Mentorship can be defined as a personal development relationship where a more experienced and knowledgeable person (mentor) teaches or guides a less knowledgeable or experienced person (mentee). A mentor shares their knowledge, experience and contacts with their mentee; empowering the mentee to achieve their career goals. Mentors lead, motivate, inspire, teach and sometimes coach their mentees. If you read autobiographies of people who have made noteworthy achievements, a mentor’s contribution is usually gratefully acknowledged. Sir Richard Branson, founder of the Virgin Group noted that mentorship could be ‘the missing link between a promising businessperson and a successful one.’ Do you have a mentor? Do you think you need one?

What the view like where you are? – The most important thing my mentors share with me is the benefit of their experience. A mentor has been where you are. This is where I separate the terms ‘coach’ and ‘mentor’. A coach does not necessarily need to have your personal experience but a mentor does.
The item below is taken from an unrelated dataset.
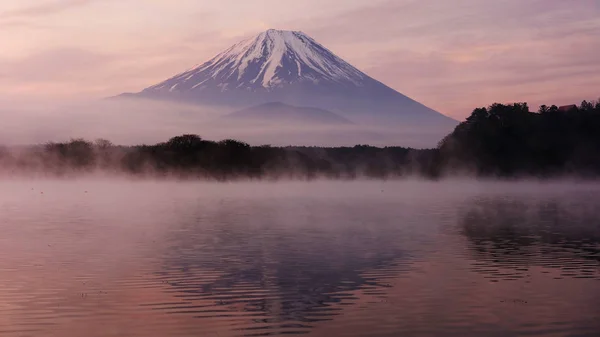 Monte Fuji dal lago Shoji con cielo crepuscolare — Foto Stock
A mentor has been ‘in your shoes.’ A career mentor has been in your role, dealt with that issue you’re struggling with, overcome that problem that is currently brewing or failed at a task that is coming up ahead. A mentorship relationship is important because you are given a unique leveraging opportunity to learn from someone else’s knowledge. You can learn from their success as well as their mistakes. By their position of being above you on the career ladder, they have a different view.

A mentor can have a panoramic view where we are tunnel visioned.

The view does matter – mentors can see what is coming ahead of you but crucially, they can also see your blind spots. The decision to undertake a PhD has turned out to be an important turning point in my life/career because it set me on a path which has led to places I never thought possible. My mentor encouraged me to go for a PhD. He saw potential in a bright, shy, confused final year undergraduate student – something I had not even seen in myself. I had many ‘teachers’ but he was a mentor. So I ask again, what can you see?

Highway Signpost

Working hard is essential but is it enough to get you where you want to go? – A few years ago, I applied (unsuccessfully) for a consultancy. I thought I had sent in an awesome CV, personal statement and cover letter but I (apparently) hadn’t done enough to get my foot in. Within 12 months, I was contacted by the same institution to do the same work with them. How? They had been disappointed with the individual they went with and I had a mentor who had a good relationship with the institution put in a good word. Someone who knew my abilities, skills and expertise connected me with an organisation that could benefit from what I had to offer. In today’s interconnected world, everything (well almost) rises and falls on relationships.

I am a hard worker. I believe in putting in the work and being enthusiastic about achieving my career goals but I have learnt that it is not just cliché that who you know – and who knows you – is as important as what you know’ in getting where I want to be professionally. A mentor can open doors that you cannot get through on your own simply because you have not had the time or opportunity to develop key relationships.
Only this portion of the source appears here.